Are Westpac Banking Corp shares a ‘Buy’ at this price?

Credit: Kiwiteen123

Westpac Banking Corp (ASX: WBC) is one of the best-performing blue chip stocks since the GFC, with its share price rising around 90% in addition to paying out bigger dividends than ever before. But with Westpac shares falling around 4.5% in 2015, what does the future hold for the Westpac shareholders?

While speculating on short-term share price movements is a mug’s game, it appears investors are lacking enthusiasm for all bank stocks at this time, not just Westpac.


Perhaps it’s the slowing economy, or a more competitive banking industry. The market may also believe the risk of falling profits is growing, given our position in the bad debt cycle and slowing credit growth. Increasing regulation of investor property loans and rising capital requirements, artificial jumps in interest rates and technological disruption would also play a part.

Are Westpac shares cheap?

Trading ‘ex-dividend’, Westpac shares currently boast a price-earnings ratio of just 12.6x and offer a trailing dividend yield of 5.8% fully franked – 8.2% grossed up! I’d say that doesn’t appear an onerous valuation for a company which has achieved a compound annual return of 10.1% over the past decade.

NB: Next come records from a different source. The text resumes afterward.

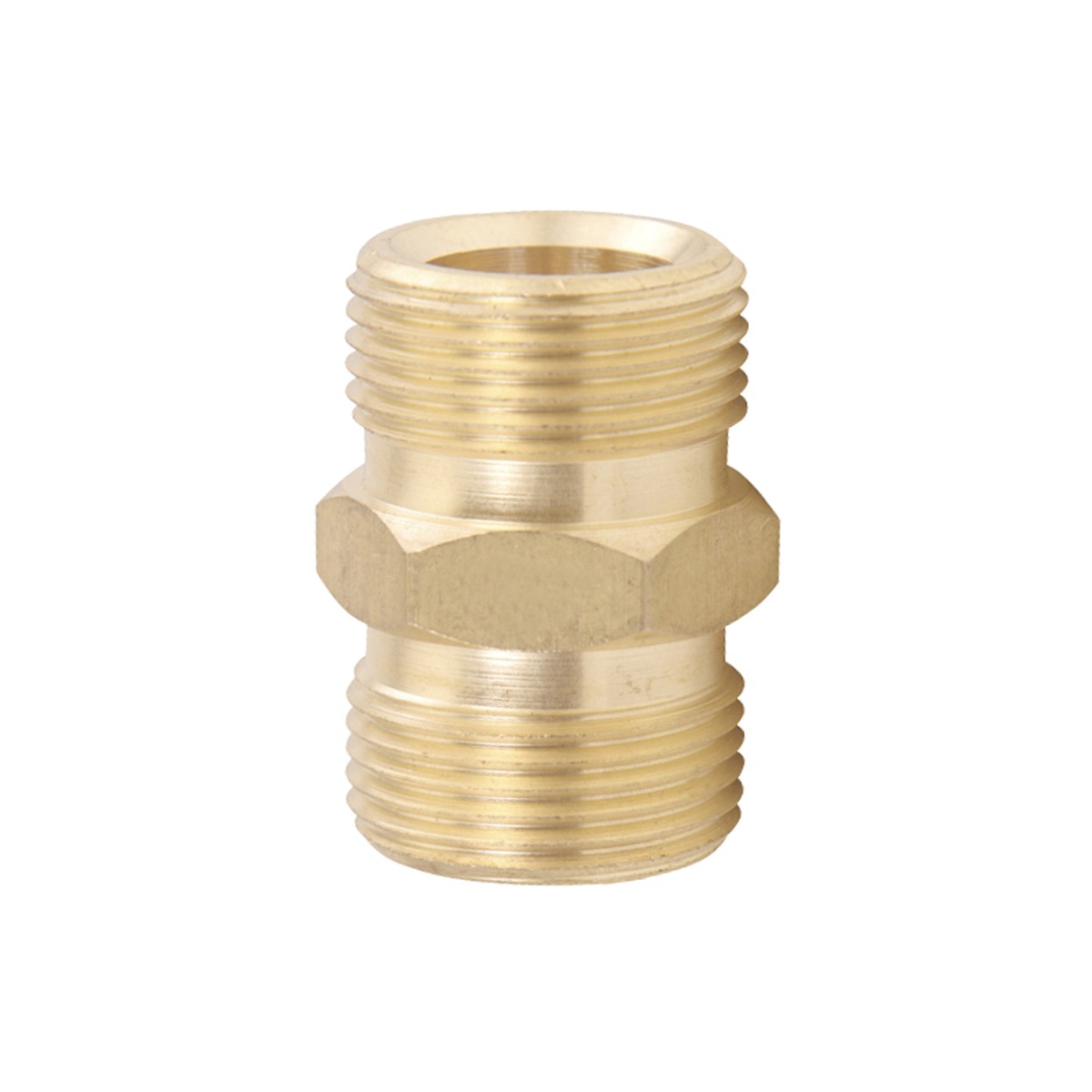Raccord 4000 PSI 22mm entrée 758-593 pour équipement lourd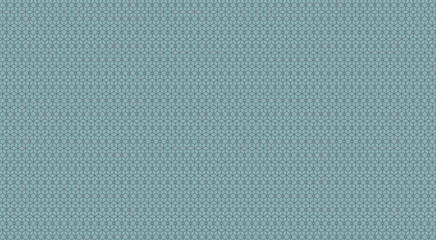 Seamless Metallic Texture Pattern Vintage Wallpaper Design Featuring Geometric Fabric Elements, Perfect for Art, Business, Technology, and Decoration Project with a Canvas Illustration Style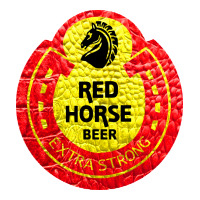 red horse | Teevron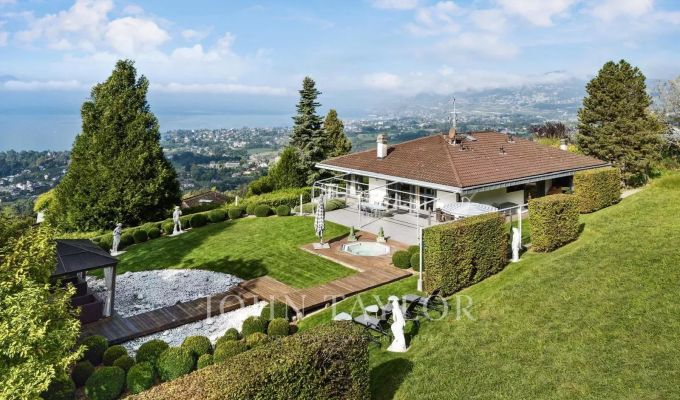 Vente Maison Montreux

However, if the bears are right, and bad debts do in fact rise; Westpac may be forced to cut its dividend in coming years. And the idea of lower profits and dividends would undoubtedly place Westpac shares under significant selling pressure.

Buy, Hold or Sell?

I think Westpac is a great bank. Unfortunately, although it appears cheap using relative valuation measures (P/E ratios, dividend yield, etc.), if investors factor in slowing growth it appears too expensive to justify a ‘buy’ rating, in my opinion. While major bank stocks have consistently proven the bears wrong, I think waiting for a more compelling entry price would be prudent.

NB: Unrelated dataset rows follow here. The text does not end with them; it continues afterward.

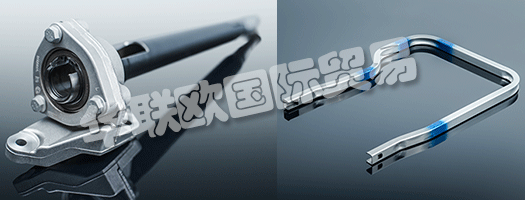 　　毫無疑問，MUBEA在輕質(zhì)結(jié)構(gòu)和減少摩擦和包裝空間方面代表著卓越的能力。至于解決CO 2 的問題而言，MUBEA會支持你與他們所掌握的一切手段。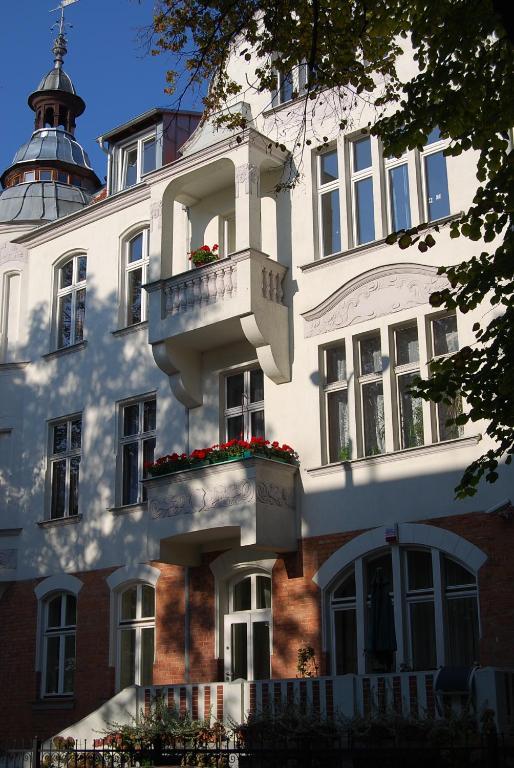 Perla Sopotu Apartment Exterior photo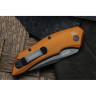 Нож KERSHAW 7100EBBW LAUNCH 1 K7100EBBW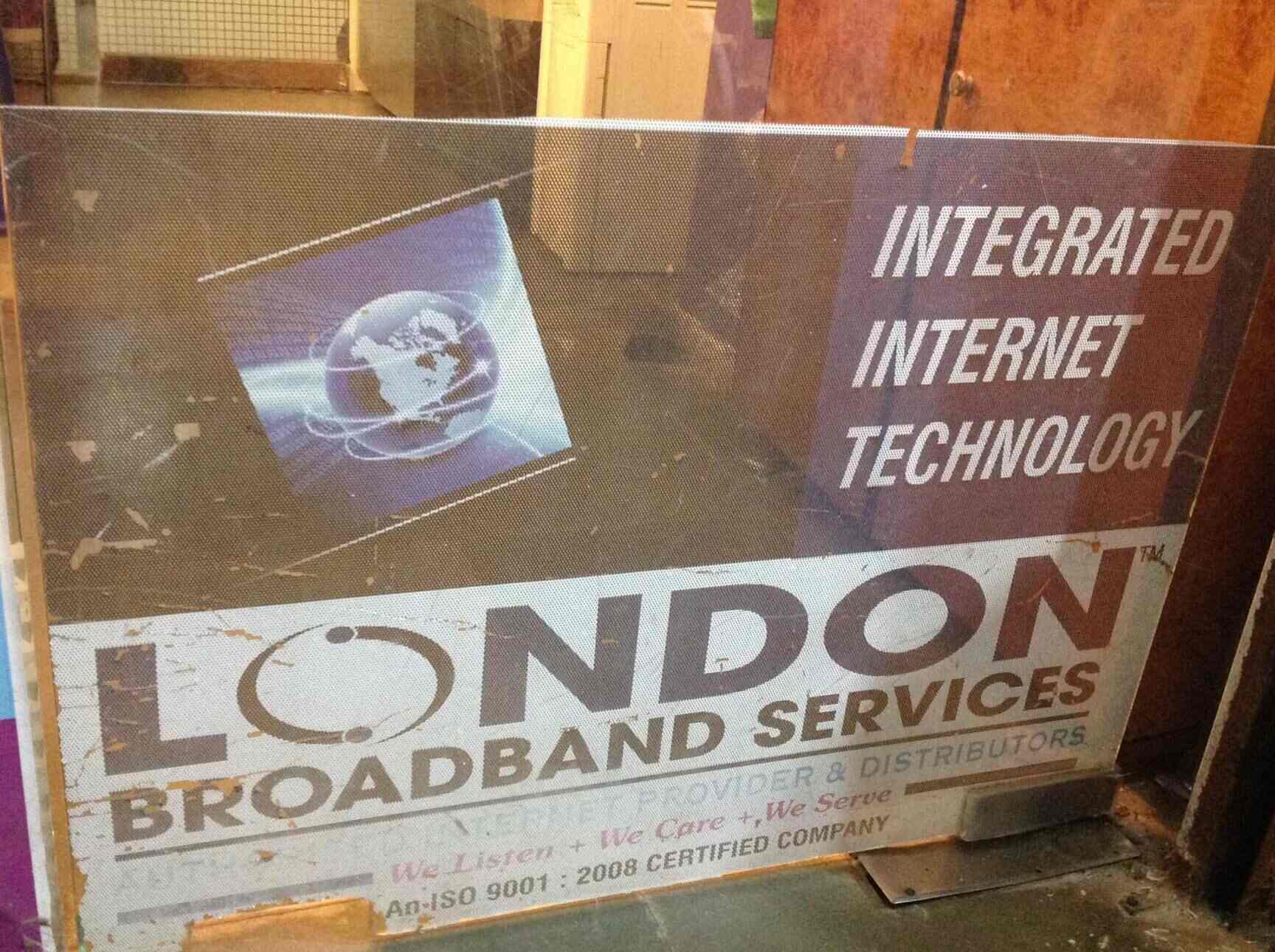 London Broadband Services LBS INFOWAY INDIA PVT LTD, Mira Road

A better buy than Westpac shares

Westpac shares may not be a clear-cut buy at this time, but that's okay because Scott Phillips, lead advisor of Motley Fool Share Advisor, has just announced his #1 dividend stock of 2015-2016 - and I think it is a GREAT BUY today! Best of all, for a limited time, Scott is giving away its name and stock code free in his brand-new investment report! Simply click here, enter your email address and we'll send you his report.

Motley Fool contributor Owen Raskiewicz has no position in any stocks mentioned.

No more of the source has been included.